■ Work required
Only the lines from the one containing "this 500×667 image." through the final line of the entries below are wanted, each copied exactly.
___ Material supplied ___
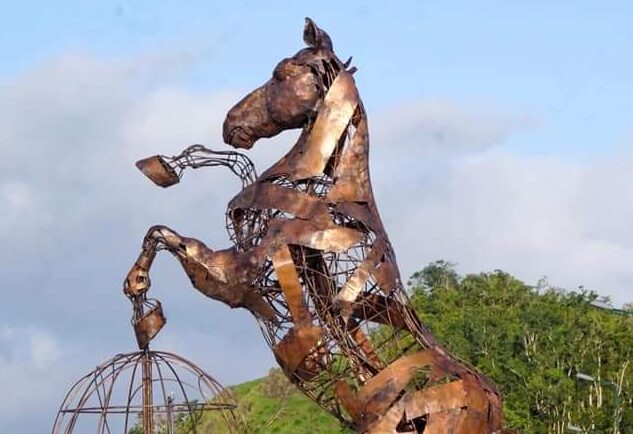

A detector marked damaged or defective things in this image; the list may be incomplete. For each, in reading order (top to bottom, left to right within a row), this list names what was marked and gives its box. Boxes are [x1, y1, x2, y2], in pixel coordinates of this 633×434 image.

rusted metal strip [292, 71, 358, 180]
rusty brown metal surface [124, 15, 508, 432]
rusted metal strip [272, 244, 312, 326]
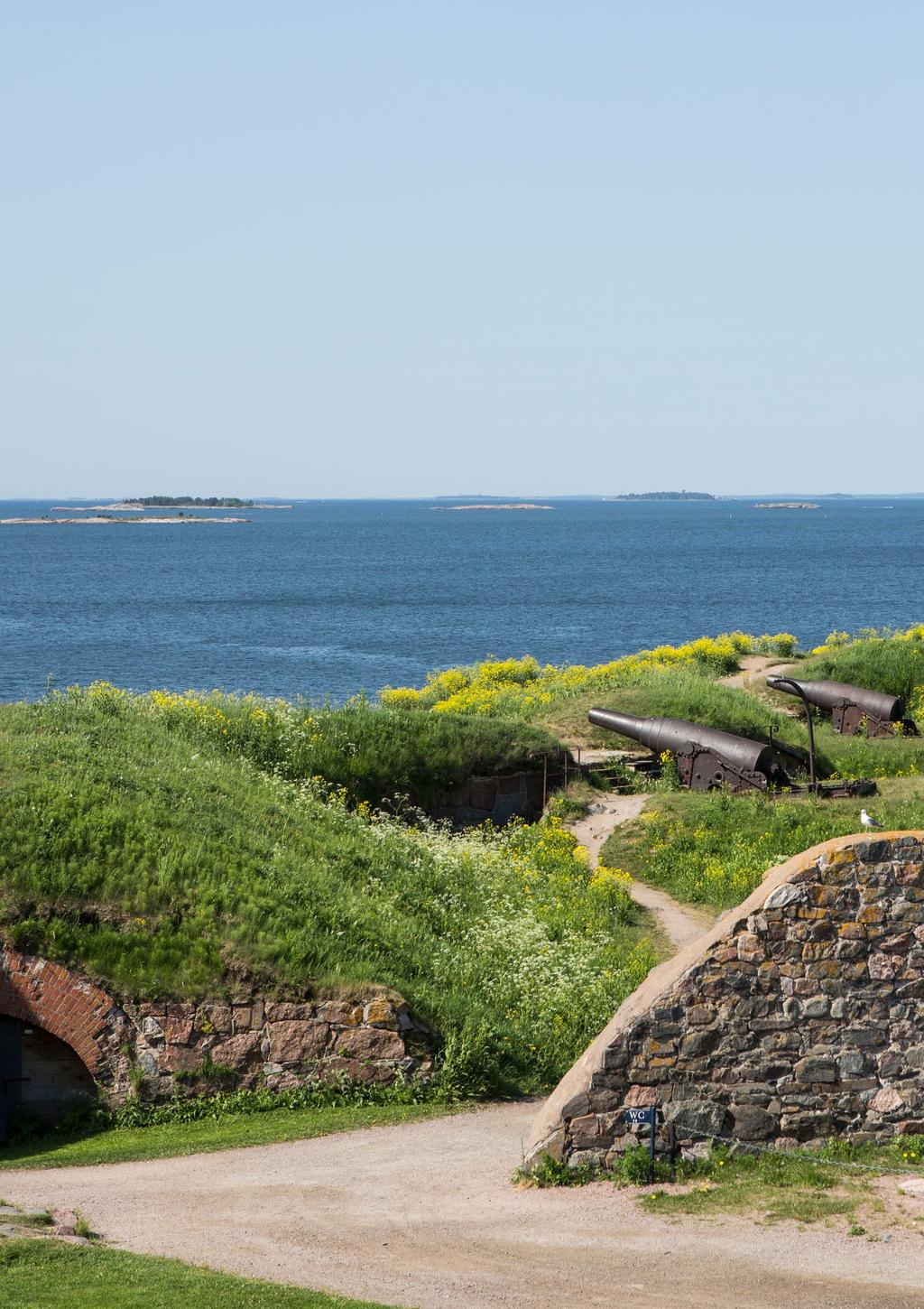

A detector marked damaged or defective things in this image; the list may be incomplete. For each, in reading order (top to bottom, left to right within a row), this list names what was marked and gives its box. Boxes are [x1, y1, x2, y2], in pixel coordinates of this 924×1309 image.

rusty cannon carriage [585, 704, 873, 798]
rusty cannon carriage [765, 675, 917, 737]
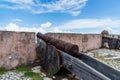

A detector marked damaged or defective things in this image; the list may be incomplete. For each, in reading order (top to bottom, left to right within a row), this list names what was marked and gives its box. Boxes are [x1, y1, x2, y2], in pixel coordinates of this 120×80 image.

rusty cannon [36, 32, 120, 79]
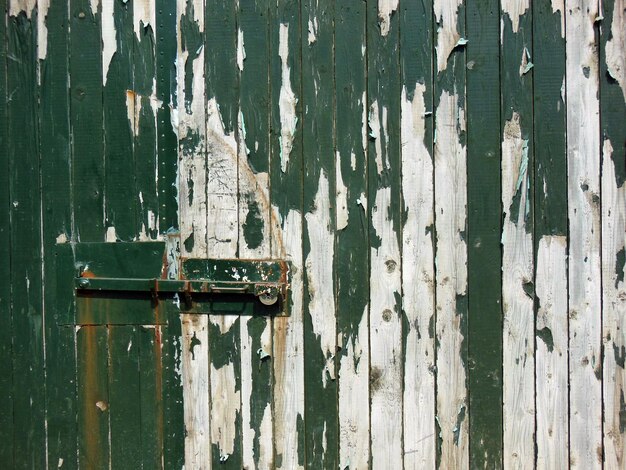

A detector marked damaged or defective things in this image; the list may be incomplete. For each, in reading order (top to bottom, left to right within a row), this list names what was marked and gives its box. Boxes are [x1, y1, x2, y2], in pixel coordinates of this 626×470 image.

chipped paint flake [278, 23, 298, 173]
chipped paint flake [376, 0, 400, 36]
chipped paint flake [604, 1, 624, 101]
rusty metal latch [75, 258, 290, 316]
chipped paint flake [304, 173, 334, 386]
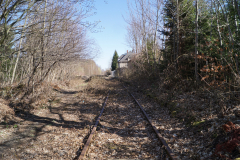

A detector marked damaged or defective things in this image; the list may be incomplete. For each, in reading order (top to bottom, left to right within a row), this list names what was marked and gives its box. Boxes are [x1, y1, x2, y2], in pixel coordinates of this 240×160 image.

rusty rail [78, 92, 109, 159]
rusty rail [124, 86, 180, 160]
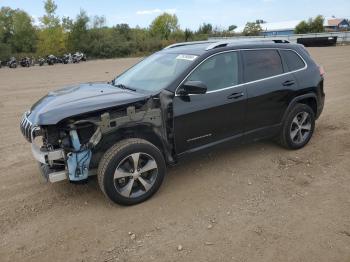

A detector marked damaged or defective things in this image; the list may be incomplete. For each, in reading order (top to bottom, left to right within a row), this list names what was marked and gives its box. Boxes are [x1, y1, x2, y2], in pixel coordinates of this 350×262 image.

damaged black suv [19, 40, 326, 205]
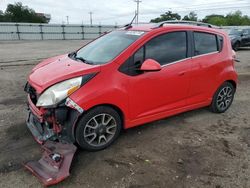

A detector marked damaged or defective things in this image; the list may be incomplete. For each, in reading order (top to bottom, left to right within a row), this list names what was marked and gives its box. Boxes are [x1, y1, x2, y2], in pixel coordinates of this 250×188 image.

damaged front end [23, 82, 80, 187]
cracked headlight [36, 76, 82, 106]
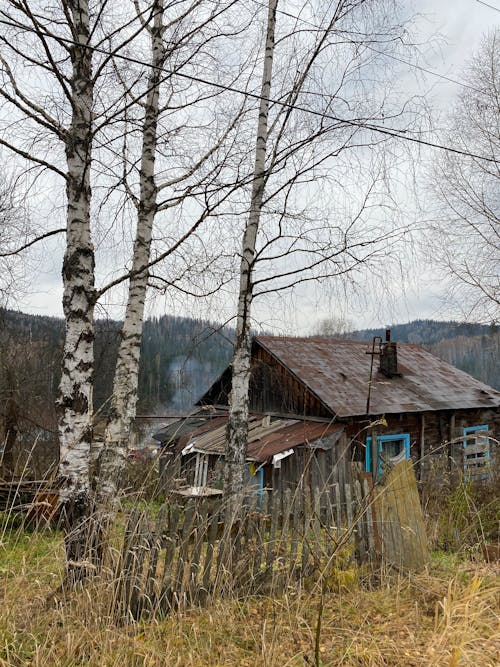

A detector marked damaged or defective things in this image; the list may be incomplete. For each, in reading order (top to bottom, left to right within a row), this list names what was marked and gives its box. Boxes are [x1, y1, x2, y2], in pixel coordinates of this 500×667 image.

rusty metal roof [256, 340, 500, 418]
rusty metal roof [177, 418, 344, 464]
___
■ Output for this exercise
A detector marked damaged or defective things in this image; the list may be incomplete. For each, in reading order (top to bottom, left to right within a row), this list names what was marked and gives its box. Boxes are [x1, y1, x2, y2], in pixel coordinates of this 500×667 image.

rusty metal roof [256, 340, 500, 418]
rusty metal roof [177, 418, 344, 464]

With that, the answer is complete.